◆ **Your assignment**
Output the listing word for word, minus pictures.
Collected material Block Start
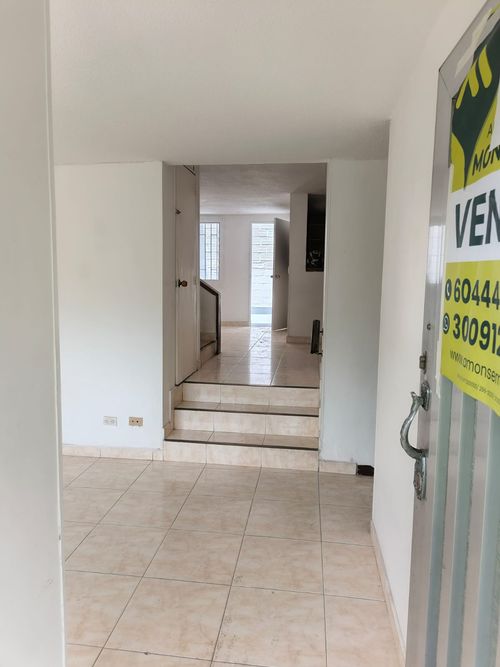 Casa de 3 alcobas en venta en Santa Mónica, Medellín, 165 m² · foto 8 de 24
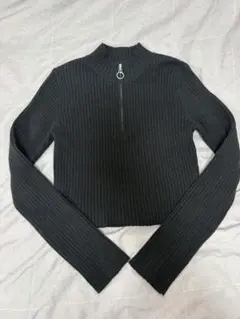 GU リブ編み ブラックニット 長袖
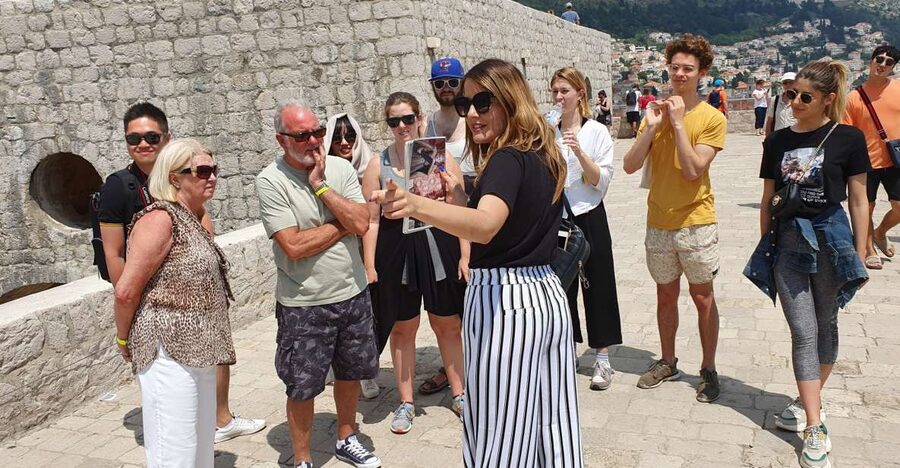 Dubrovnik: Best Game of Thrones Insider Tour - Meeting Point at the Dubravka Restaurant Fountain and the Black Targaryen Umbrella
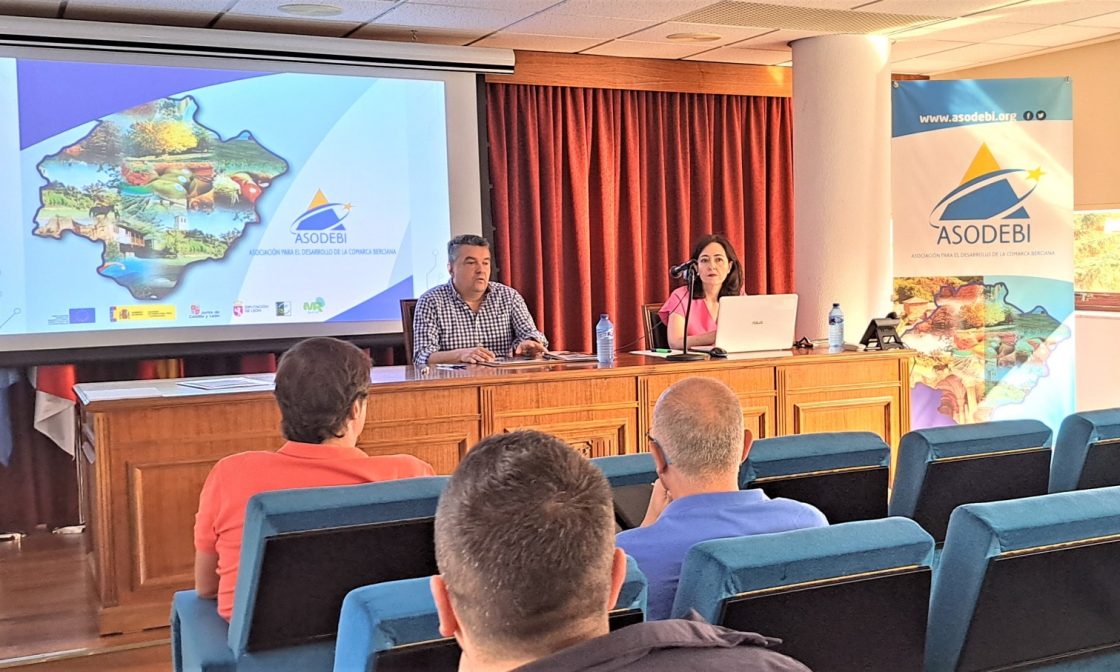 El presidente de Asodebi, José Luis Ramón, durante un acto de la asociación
Collected material Block End
◆ **Response to this exercise**
 Casa de 3 alcobas en venta en Santa Mónica, Medellín, 165 m² · foto 8 de 24
 GU リブ編み ブラックニット 長袖
 Dubrovnik: Best Game of Thrones Insider Tour - Meeting Point at the Dubravka Restaurant Fountain and the Black Targaryen Umbrella
 El presidente de Asodebi, José Luis Ramón, durante un acto de la asociación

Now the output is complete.